问题描述
我有一个数据框,它有两列(C、D)被定义为字符串列类型,但列中的数据实际上是日期.例如,C 列的日期为01-APR-2015",D 列的日期为20150401",我想将这些更改为日期列类型,但我没有找到这样做的好方法.我查看了堆栈溢出,我需要将字符串列类型转换为 Spark SQL 的 DataFrame 中的日期列类型.日期格式可以是01-APR-2015",我看看 这篇文章 但它没有与日期相关的信息
I have a dataframe that have two columns (C, D) are defined as string column type, but the data in the columns are actually dates. for example column C has the date as "01-APR-2015" and column D as "20150401" I want to change these to date column type, but I didn't find a good way of doing that. I look at the stack overflow I need to convert the string column type to Date column type in Spark SQL's DataFrame. the date format can be "01-APR-2015" and I look at this post but it didn't have info relate to date
推荐答案
Spark >= 2.2
您可以使用to_date
:
import org.apache.spark.sql.functions.{to_date, to_timestamp}
df.select(to_date($"ts", "dd-MMM-yyyy").alias("date"))
或to_timestamp
:
df.select(to_date($"ts", "dd-MMM-yyyy").alias("timestamp"))
使用中间unix_timestamp
调用.
火花
从 Spark 1.5 开始,您可以使用 unix_timestamp
函数将字符串解析为 long,将其转换为时间戳并截断 to_date
:
Since Spark 1.5 you can use unix_timestamp
function to parse string to long, cast it to timestamp and truncate to_date
:
import org.apache.spark.sql.functions.{unix_timestamp, to_date}
val df = Seq((1L, "01-APR-2015")).toDF("id", "ts")
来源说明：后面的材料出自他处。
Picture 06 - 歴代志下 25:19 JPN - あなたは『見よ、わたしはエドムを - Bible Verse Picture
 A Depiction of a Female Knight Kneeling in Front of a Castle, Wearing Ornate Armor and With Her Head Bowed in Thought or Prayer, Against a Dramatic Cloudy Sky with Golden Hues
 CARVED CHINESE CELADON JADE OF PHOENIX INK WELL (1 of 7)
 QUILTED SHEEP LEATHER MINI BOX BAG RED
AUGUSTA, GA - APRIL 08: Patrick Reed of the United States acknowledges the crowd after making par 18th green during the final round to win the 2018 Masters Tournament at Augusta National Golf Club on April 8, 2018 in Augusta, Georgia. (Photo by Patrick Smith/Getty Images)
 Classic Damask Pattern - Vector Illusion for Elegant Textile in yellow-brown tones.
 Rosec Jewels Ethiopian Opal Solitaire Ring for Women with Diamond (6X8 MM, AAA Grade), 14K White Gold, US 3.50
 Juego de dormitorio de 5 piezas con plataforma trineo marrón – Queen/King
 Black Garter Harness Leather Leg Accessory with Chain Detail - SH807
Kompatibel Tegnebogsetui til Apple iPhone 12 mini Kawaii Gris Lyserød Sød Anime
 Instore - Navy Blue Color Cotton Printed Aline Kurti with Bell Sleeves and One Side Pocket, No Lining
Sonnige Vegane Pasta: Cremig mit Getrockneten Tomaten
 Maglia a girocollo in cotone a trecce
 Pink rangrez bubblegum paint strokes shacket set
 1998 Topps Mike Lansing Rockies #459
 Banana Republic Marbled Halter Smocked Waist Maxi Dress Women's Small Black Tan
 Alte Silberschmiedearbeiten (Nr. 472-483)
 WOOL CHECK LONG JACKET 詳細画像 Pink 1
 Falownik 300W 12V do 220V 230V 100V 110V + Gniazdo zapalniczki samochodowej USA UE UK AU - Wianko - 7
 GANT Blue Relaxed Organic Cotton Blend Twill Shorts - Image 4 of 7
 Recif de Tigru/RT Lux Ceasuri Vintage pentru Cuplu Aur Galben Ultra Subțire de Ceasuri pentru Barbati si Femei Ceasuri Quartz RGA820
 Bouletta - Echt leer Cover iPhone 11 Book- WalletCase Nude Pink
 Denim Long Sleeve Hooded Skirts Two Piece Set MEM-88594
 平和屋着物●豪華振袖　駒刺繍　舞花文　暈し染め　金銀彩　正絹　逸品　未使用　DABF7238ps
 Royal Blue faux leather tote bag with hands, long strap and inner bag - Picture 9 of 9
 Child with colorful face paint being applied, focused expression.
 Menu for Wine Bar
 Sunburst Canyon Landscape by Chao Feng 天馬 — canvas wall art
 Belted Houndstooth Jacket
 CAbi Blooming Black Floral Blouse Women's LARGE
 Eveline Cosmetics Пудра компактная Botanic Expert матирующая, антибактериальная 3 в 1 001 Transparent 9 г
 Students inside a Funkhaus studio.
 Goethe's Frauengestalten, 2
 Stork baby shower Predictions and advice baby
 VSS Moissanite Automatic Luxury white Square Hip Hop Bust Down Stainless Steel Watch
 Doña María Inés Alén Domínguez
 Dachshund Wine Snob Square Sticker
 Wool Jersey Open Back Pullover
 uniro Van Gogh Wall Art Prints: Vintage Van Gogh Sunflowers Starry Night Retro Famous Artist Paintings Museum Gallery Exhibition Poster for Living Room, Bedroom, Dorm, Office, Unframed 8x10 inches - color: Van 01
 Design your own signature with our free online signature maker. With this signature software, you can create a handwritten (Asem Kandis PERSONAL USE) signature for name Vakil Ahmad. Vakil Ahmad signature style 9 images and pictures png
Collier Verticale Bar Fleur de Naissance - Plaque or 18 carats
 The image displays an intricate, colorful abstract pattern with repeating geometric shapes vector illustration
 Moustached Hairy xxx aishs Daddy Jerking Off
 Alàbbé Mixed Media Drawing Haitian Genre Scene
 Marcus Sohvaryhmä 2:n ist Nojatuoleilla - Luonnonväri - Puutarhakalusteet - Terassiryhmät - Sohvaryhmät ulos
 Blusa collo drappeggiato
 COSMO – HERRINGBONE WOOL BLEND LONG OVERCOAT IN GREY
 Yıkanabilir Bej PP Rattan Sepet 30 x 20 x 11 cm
df.select(to_date(unix_timestamp(
$"ts", "dd-MMM-yyyy"
).cast("timestamp")).alias("timestamp"))
注意:
根据 Spark 版本,您可能需要一些调整,因为 SPARK-11724一个>:
Depending on a Spark version you this may require some adjustments due to SPARK-11724:
从整数类型转换为时间戳会将源整数视为以毫秒为单位.从时间戳转换为整数类型会在几秒钟内创建结果.
如果您使用未打补丁的版本 unix_timestamp
输出需要乘以 1000.
If you use unpatched version unix_timestamp
output requires multiplication by 1000.
这篇关于如何在 DataFrames 中将列类型从 String 更改为 Date?的文章就介绍到这了,希望我们推荐的答案对大家有所帮助,也希望大家多多支持!